Back to the Future Pt. 1: Introduction to pg_rewind
Since PostgreSQL 9.5, pg_rewind
has been able to make a former master follow up a promoted standby although, in the meantime, it proceeded with its own timeline. Consider, for instance, the case of a switchover that didn’t work properly.
Have you ever experienced a "split brain" during a switchover operation? You know, when the goal is to switch the roles of the master and the standby, but instead you end up with two independent masters – each one with its own timeline? For PostgreSQL DBAs in HA contexts, this where pg_rewind comes in handy!
Until PostgreSQL 9.5, there was only one solution to this problem: re-synchronise the PGDATA
of the downgraded master with a new base backup and add it to the HA cluster as a new standby node. Generally, this is not a problem, unless your database is relatively big. For instance, if there are hundreds of GBs, it is not easy to do this type of operation while trying to keep downtime as low as possible.

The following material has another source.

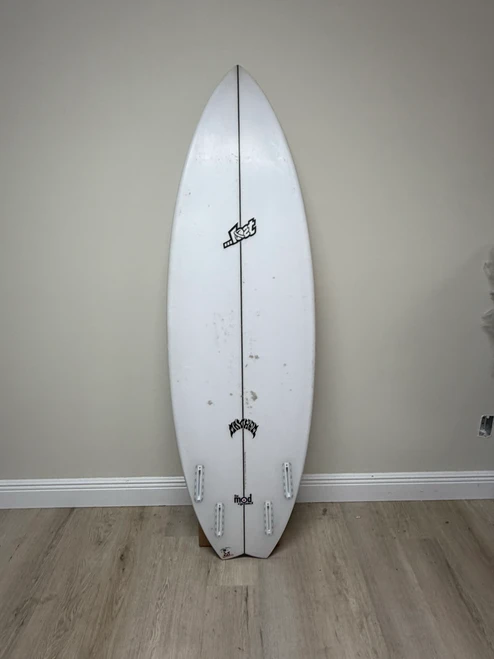 5'7 LOST MOD QUAD USED SURFBOARD (276493)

Restoring a database to a previous point in time can create some complexities that can be handled in different ways. For an in depth explanation of the evolution and components of fault tolerance in PostgreSQL I suggest you check out Gulcin’s series Evolution of Fault Tolerance in PostgreSQL, including a Time Travel feature that mentions the use of pg_rewind.
how pg_rewind works
pg_rewind scans the "old" master’s PGDATA
folder, identifies the data blocks changed during the switch to the new timeline, then copies only these blocks from the promoted standby. This is then used to replace the changes. As a "collateral" effect, the configuration files are also copied from the promoted standby (so the DBA has to be careful to adapt them to the new role of the node in the HA cluster). However, this allows the prevention of re-syncing PGDATA
completely.
To do this, it is necessary to have all the WALs produced in the final moments before the switchover from the old master. Changes are identified by comparing the status of the data blocks present in the PGDATA
with the changes logged in the WALs. Once the changed blocks are identified, the WALs are replayed, miming a sort of ‘rewind’ of the timelines.
Moreover:
- the instances have to be initialised with the “-k” (or
--data-checksums
) parameter - the parameter
wal_log_hints
has to be enabled
Until PostgreSQL 9.5, the necessary WALs were the ones starting from the last checkpoint, since it could not go behind this point in the timeline.
To better understand how it works, consider this simple example with a master:
# Set PATH variable
export PATH=/usr/pgsql-9.5/bin:${PATH}
# This is the directory where we will be working on
# Feel free to change it and the rest of the script
# will adapt itself
WORKDIR=/var/lib/pgsql/9.5
# Environment variables for PGDATA and archive directories
MASTER_PGDATA=${WORKDIR}/master
STANDBY1_PGDATA=${WORKDIR}/standby1
ARCHIVE_DIR=${WORKDIR}/archive
# Initialise the cluster
initdb --data-checksums -D ${MASTER_PGDATA}
# Basic configuration of PostgreSQL
cat >> ${MASTER_PGDATA}/postgresql.conf <<EOF
archive_command = 'cp %p ${ARCHIVE_DIR}/%f'
archive_mode = on
wal_level = hot_standby
max_wal_senders = 10
min_wal_size = '32MB'
max_wal_size = '32MB'
hot_standby = on
wal_log_hints = on
EOF
cat >> ${MASTER_PGDATA}/pg_hba.conf <<EOF
# Trust local access for replication
# BE CAREFUL WHEN DOING THIS IN PRODUCTION
local replication replication trust
EOF
# Create the archive directory
mkdir -p ${ARCHIVE_DIR}
# Start the master
pg_ctl -D ${MASTER_PGDATA} -l ${WORKDIR}/master.log start
# Create the replication user
psql -c "CREATE USER replication WITH replication"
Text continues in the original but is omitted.